Optimal Control under Stochastic Target Constraints

Abstract

We study a class of Markovian optimal stochastic control problems in which the controlled process $Z^{\nu}$ is constrained to satisfy an almost sure constraint $Z^{\nu}(T)\in G\subset\mathbb{R}^{d+1}$ $\mathbb{P}$-a.s. at some final time $T>0$. When the set is of the form $G:=\{(x,y)\in\mathbb{R}^d\times\mathbb{R}:g(x,y)\geq0\}$, with g nondecreasing in y, we provide a Hamilton–Jacobi–Bellman characterization of the associated value function. It gives rise to a state constraint problem, where the constraint can be expressed in terms of an auxiliary value function w which characterizes the set $D:=\{(t,Z^{\nu}(t))\in[0,T]\times\mathbb{R}^{d+1}:Z^{\nu}(T)\in G$ a.s. for some $\nu\}$. Contrary to standard state constraint problems, the domain D is not given a priori and we do not need to impose conditions on its boundary.
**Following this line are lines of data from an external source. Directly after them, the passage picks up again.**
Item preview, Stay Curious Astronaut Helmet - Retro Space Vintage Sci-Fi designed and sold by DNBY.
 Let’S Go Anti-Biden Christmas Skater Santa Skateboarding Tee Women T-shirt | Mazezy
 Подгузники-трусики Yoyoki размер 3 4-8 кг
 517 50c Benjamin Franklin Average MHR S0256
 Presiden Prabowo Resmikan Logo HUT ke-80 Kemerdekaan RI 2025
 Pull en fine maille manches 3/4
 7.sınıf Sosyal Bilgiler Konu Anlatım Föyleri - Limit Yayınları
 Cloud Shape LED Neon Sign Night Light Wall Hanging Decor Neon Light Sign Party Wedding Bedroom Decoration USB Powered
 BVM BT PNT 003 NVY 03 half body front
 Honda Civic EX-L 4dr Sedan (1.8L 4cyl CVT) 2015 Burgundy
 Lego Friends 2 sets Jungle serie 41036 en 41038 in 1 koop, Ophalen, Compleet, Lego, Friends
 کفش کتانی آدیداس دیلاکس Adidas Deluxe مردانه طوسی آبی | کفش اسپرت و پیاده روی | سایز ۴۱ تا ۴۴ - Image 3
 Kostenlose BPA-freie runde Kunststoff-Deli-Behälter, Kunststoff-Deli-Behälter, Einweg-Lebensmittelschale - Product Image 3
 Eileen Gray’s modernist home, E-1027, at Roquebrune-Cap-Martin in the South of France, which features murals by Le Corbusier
It is naturally incorporated in the auxiliary value function w, which itself is a viscosity solution of a nonlinear parabolic PDE. Applying ideas recently developed in Bouchard, Elie, and Touzi [SIAM J. Control Optim., 48 (2009), pp. 3123–3150], our general result also allows us to consider optimal control problems with moment constraints of the form $\mathbb{E}[g(Z^{\nu}(T))]\geq0$ or $\mathbb{P}[g(Z^{\nu}(T))\geq0]\geq p$.